As published in the Providence Journal, January 29, 2014.
Now that the Patriots have been eliminated from the Super Bowl chase, which team am I rooting for? The Broncos? The Seahawks? Neither. I’m pulling for the Farmers’ Almanac.
Long before the days of Doppler radar and storm modeling, almanacs served up weather prognostications based on byzantine mathematical and astronomical formulas. The Farmers’ Almanac is still at it today and, as early as last August, predicted a stormy, snowy Feb. 2 for East Rutherford, N.J., where this year’s Super Bowl will be played.
Go, Farmers’ Almanac! I hope we see Jim Cantore of The Weather Channel on the MetLife Stadium sidelines, hyperventilating about snow accumulations.
Holding the Super Bowl outdoors at a cold climate site is the latest stroke of marketing brilliance for an event that has become a virtual national holiday. It wasn’t always that way.
In its humble debut, the Super Bowl was simply known as the AFL-NFL World Championship Game. The Green Bay Packers defeated the Kansas City Chiefs, 35-10. The halftime show was two college marching bands. There were only 61,946 spectators in the stands, hardly a sell-out at the Los Angeles Coliseum.
Forty-seven years later, the Super Bowl is the most watched annual television program in the United States. The game attracts more than 100 million TV viewers worldwide. This year, 30-second ads cost up to $4.5 million.
NFL marketers built the Super Bowl franchise with great teams — the Steelers and the 49ers, the Cowboys and the Patriots. They built it with halftime shows that had star power and broad appeal. Super Bowl I’s marching bands have been eclipsed by U2, Prince, Bruce Springsteen, and an infamous wardrobe malfunction. And now the NFL has pulled another rabbit out of its helmet: the weather.
By playing the game in the Northeast on the first weekend in February, the NFL has generated incremental buzz. For weeks, in addition to the usual pre-game chatter and blather, blogs and sportswriters and ESPN commentators have asked: “What if it snows?”

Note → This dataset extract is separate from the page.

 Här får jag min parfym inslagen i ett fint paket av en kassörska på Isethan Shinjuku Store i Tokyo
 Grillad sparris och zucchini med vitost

The 10-year-old in many of us knows the answer: “Game on!” Because when you’re a kid, there’s nothing like playing football in the snow.
I grew up in the Elmhurst section of Providence, where the houses sit on small lots — not much room for running to daylight. There was an empty lot at the corner of Rankin and Moorland, but when we tried to play there, the owners shooed us away faster than you could say “Pete Rozelle.” So we ended up playing touch football in the street, telephone pole to telephone pole.
Unless it snowed or rained.
When that happened, playing tackle football was irresistible. We would hike up to the fields at La Salle Academy or Mount Pleasant High School, mark the end zones with our coats, and “muckle” (a kid verb denoting violent tackling) each other until our cheeks and fingers were numb . . . and then muckle each other some more.
Tackle football in the elements had such appeal that my best friend and I once flooded his backyard on a sunny autumn day just so we could play in the mud. His parents were not amused.
This coming Sunday, I hope the game is close, the ads are entertaining, and the halftime show grooves.
And should snow fall from the heavens? There will be a lot of kids and former kids, including this one, who think the conditions are ideal.